LOOKING FOR MORE PLAYERS

Description of the game:

The game is held in Hoffman Estates, IL.  It runs SAT from noon on.  Yes, there is a game going on this weekend.  Many of the players show up once per two weeks or more.  

The game year is currently in the modern day.  The characters are a wide mix of people who work at a private investigator office – doctors, theologians, archaeologists, world war one vets and, of course, PI’s.  Their cases run anything from missing persons to stopping Various Evil Things from doing...evil.  The campaign is a mix between realism and the bizarre.  

This game uses the Heroic Cthulhu system (skill based system).

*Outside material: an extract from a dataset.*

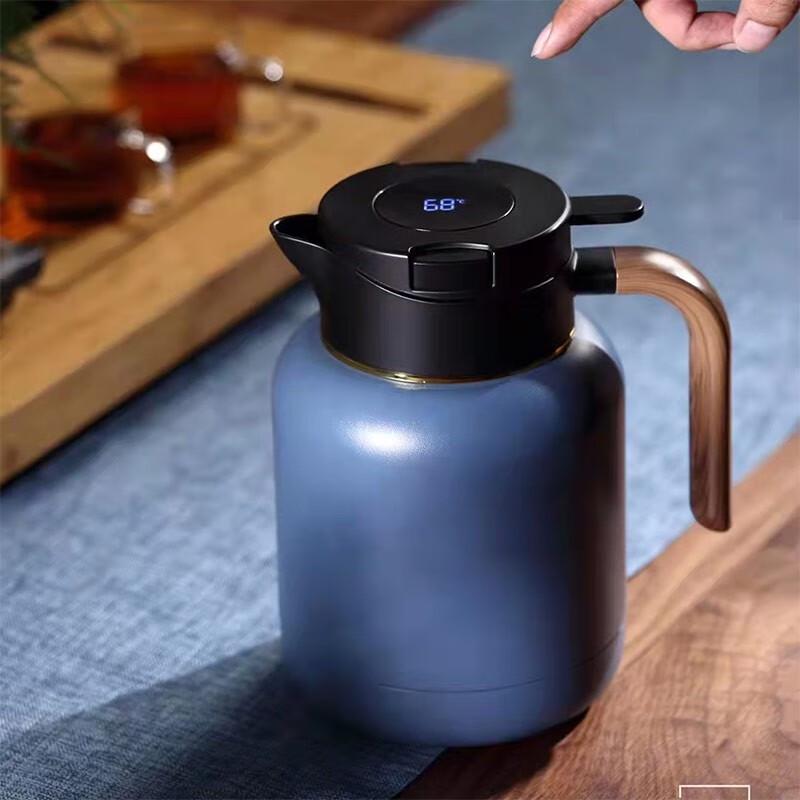 Shangming Titanium Insulated Stewing Teapot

I can be reached at logan9a@yahoo.com 

We regularly podcast the game.  It has fans literally around the world who enjoy listening to it.  The podcast can be found here if you want to go find out what the game is like:

http://heroiccthulhu.mypodcast.com/index.html

The Heroic Cthulhu boards can be found at:  http://heroiccthulhu.proboards105.com/index.cgi


[Note:  Even though we have a podcast, web boards, etc I would like to stress that the main game is face to face, not held over online, etc.]

THIS GAME HAS NOTHING TO DO WITH D&D - If you are hopelessly locked into one single system and the quality of the game is not as important as what system it is, this game is not for you.


----------